UAB Synopsis, Vol. 24, No. 13, April 11, 2005
UAB Associate Vice President for Facilities Brooks H. Baker III, son of an English teacher, is a natural born storyteller, relating vivid lessons learned during boyhood on a 250-acre farm in rural Warrior, Alabama. All of the prolific writer's articles contain references to farming. "It strikes such a deep core in me. It means never becoming self-satisfied or complaisant and having an intense sense of pleasure as you continually reach for a new goal...."
Baker recently completed a successful tenure as president of the Association of Higher Education Facility Officers (or APPA, since the organization was founded as the Association of Physical Plant Administrators in 1914).
He came to UAB in 1979 as maintenance engineer, was promoted the next year to director of hospital maintenance, then to executive director of facilities management. In 1995, he became assistant vice president for operations and in 1997 also was named associate vice president for facilities.
"What drew me to UAB was the desire to live within driving distance and raise my family in the countryside," Baker says. "I wanted my children to learn the lessons of the soil. I wanted them to work for what they have, to be able to live off the land." So in 1979, leaving a prosperous job at Tuscaloosa's Phifer Wire Products, he packed his family back to the farm and came aboard UAB.
|
"Farming the land and working at UAB have been a joy."
Brooks Baker
|
"In those early years, my toughest job at UAB was keeping our aging physical plant operating efficiently against a backdrop of tightening fiscal policy. The continuous need for facilities renewal and modernization is awesome and often hard to promote." So, with the help of a carousel of slides with the cover of "The Decaying American Campus" as the introductory image, Baker moved through offices and conferences around UAB's campus, "like a traveling salesman," talking about facility renewal needs and the critical importance of heeding small signs of neglect. His goal: encouraging employees to report problems to him before they become worse.
Deferred Maintenance
APPA and its publication, Facilities Manager, were founded to enhance the professionalism surrounding maintenance, protection, and promotion of quality educational facilities. Key factors include planning, design, and construction, as well as management of janitorial services, energy, grounds and landscaping, and maintenance of the facilities. In one of his first columns as president, Baker wrote: "Last weekend, I was driving on a two-lane road winding through the flatlands of LA (no, not Los Angeles, Lower Alabama), an area of our state called the Black Belt. I saw a stately old colonial home with enourmous columns in front. Once the home of a well-to-do cotton farmer or cattleman, the house had a sagging roof and peeling paint."

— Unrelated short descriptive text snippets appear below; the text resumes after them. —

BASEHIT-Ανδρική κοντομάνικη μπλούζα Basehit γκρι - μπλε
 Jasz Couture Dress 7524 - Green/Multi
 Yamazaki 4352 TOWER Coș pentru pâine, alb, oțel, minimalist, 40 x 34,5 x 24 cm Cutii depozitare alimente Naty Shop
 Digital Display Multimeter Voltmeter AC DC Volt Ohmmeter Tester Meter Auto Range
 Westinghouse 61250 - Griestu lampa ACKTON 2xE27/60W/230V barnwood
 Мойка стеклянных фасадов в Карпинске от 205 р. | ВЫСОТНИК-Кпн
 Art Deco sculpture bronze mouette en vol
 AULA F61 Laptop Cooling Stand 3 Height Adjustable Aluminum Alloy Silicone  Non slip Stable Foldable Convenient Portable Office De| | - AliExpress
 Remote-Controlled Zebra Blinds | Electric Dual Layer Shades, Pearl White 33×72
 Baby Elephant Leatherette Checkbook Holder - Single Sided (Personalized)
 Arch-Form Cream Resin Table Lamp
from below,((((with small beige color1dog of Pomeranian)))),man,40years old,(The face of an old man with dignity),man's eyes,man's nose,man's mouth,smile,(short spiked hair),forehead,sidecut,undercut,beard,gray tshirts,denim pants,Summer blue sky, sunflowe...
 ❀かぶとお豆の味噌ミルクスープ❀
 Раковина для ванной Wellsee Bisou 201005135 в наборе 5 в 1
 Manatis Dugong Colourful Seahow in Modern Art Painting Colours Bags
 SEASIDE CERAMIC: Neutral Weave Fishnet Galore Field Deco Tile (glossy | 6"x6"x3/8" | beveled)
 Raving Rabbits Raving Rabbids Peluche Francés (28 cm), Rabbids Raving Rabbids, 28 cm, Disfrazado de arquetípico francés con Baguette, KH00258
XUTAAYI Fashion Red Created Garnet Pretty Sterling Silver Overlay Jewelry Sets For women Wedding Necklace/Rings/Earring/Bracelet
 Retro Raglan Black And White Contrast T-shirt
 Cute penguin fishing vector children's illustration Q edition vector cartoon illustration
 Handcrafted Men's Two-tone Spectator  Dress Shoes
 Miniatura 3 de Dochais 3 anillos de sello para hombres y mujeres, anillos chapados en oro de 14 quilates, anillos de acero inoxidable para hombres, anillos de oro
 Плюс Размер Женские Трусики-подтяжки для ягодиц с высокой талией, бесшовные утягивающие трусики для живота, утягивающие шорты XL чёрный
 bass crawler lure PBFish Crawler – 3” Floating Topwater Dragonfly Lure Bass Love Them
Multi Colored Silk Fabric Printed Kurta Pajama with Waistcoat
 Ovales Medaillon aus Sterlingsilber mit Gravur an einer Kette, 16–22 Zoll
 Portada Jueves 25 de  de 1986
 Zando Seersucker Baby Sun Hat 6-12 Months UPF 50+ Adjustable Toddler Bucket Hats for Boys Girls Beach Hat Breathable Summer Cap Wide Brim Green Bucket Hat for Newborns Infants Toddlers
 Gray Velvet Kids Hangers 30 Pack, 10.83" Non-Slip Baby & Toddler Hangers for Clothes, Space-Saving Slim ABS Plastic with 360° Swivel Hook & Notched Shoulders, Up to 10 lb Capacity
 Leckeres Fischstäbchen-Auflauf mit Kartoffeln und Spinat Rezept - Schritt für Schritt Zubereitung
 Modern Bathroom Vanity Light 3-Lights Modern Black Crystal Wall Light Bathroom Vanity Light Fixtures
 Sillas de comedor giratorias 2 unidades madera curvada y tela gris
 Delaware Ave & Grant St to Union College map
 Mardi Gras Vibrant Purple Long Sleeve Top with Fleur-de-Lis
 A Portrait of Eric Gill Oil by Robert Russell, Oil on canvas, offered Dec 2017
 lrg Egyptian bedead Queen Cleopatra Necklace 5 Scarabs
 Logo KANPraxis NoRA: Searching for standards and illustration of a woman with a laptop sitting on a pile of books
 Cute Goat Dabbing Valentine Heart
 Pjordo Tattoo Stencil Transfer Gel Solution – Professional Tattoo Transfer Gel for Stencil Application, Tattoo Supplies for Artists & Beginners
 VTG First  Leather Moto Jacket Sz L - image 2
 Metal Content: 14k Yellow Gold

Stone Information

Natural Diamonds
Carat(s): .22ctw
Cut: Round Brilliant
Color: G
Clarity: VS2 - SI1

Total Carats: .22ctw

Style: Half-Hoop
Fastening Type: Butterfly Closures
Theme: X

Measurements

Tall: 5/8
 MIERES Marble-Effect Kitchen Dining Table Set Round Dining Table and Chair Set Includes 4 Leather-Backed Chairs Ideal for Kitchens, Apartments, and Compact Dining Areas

What's the connection between a decrepit Southern farmhouse and higher education? Without care and funding, says Baker, deterioration and irreversible damage can take place at an astonishing pace. It took only a few years not generations for that old farmhouse to lose its paint and roof.
"Similarly, in Alabama, although we are fortunate to escape some of the more drastic higher education budget cuts, we have lately experienced diminishing budgets. All such cuts translate directly into reduced maintenance funds, a real balancing act to absorb while providing quality services to our customers faculty, staff, students, and patients."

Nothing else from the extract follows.